"Then why does he do it?" Bettina demanded. "Why doesn't he give up his surgery? He has enough to do with his freaks at the sanatorium, and his sick people who need medicine."
"Would you have a man give up a thing which he can do better than other men?"
Sophie, looking on, wondered if there had ever been a greater contrast than these two women who faced each other in the rose-colored room. Diana, tall and pale, with wisps of hair flying a bit untidily from beneath her soft hat, yet still beautiful and with the light of high resolve shining in her steady eyes; Bettina, a little slender slip of a child, her fair shining braids falling below her knees, her eyes demanding why men and women should be dedicated to hardness.
"I have been telling Bettina," Mrs. Martens interposed, gently, "that she will understand some day what such a man means to the world."

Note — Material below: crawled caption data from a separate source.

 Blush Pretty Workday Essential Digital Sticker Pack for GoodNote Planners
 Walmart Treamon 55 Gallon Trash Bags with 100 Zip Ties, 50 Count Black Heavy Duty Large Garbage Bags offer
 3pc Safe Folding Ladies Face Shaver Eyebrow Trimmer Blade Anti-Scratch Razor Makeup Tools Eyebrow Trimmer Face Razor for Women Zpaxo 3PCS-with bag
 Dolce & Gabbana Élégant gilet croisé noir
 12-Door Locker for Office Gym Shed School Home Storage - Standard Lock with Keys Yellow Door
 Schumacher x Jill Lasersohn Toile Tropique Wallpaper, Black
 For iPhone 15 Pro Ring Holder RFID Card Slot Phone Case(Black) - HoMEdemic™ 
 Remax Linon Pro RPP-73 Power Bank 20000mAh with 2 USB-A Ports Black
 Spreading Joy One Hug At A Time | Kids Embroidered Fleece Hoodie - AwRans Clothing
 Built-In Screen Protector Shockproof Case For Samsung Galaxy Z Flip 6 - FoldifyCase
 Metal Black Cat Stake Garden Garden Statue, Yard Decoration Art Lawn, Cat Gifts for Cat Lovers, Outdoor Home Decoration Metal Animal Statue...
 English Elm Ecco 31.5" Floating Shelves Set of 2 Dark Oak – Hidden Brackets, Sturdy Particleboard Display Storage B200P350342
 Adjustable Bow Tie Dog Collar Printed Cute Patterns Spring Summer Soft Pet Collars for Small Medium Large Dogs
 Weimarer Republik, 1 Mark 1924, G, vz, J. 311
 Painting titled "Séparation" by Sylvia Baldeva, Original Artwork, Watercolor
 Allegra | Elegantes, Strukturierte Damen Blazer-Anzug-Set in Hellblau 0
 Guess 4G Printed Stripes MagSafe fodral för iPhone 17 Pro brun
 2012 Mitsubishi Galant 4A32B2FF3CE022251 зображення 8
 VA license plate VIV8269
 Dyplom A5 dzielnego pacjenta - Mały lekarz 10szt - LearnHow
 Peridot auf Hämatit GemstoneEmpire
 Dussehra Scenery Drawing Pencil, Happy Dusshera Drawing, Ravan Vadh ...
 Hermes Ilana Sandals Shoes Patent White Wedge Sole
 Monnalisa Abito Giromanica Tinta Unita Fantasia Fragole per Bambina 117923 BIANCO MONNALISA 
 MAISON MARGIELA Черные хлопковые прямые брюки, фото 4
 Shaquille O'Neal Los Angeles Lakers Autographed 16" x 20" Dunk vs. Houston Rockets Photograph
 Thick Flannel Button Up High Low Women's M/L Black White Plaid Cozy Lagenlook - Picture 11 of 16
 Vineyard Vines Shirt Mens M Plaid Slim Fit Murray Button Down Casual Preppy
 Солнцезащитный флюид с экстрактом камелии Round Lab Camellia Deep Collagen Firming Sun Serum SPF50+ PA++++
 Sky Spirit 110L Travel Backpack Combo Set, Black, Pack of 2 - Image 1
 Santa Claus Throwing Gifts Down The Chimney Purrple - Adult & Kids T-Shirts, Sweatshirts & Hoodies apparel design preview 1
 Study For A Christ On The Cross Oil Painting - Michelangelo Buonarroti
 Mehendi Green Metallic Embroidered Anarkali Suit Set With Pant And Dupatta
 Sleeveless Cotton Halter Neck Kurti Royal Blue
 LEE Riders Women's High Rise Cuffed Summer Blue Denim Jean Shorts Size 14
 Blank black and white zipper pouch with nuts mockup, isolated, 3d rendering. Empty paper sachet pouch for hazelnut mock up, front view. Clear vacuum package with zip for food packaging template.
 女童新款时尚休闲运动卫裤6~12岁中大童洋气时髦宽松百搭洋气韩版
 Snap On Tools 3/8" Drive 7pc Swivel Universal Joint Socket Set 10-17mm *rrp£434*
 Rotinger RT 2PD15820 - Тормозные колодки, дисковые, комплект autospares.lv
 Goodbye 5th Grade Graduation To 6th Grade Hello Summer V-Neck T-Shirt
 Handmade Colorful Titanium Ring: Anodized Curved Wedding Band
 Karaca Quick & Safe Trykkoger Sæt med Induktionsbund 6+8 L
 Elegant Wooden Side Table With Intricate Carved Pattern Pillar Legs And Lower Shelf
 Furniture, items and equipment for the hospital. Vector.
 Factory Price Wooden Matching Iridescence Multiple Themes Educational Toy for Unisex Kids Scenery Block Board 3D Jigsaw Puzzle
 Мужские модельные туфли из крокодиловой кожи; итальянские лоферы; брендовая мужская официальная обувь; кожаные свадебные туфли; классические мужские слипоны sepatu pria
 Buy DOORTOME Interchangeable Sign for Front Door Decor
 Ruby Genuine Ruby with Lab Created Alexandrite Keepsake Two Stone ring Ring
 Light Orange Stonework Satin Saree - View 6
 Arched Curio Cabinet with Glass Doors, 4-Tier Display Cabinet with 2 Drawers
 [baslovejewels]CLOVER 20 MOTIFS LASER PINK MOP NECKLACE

For once in her life Diana, tired Diana, lost patience. "She ought to know what such a man means," she said.
Bettina put her hands before her face and stood very still.
"Oh, dear child," said Diana, remorsefully, "I shouldn't have said such a thing to you. I didn't mean it."
Bettina's hands dropped straight at her sides. Her blue eyes were misty. "But it's true," she said. "I'm afraid—I'm afraid I'm not the wife for Anthony."
Never had there been a truer saying. Yet the two older women stood abashed before the hurt look on the little white face.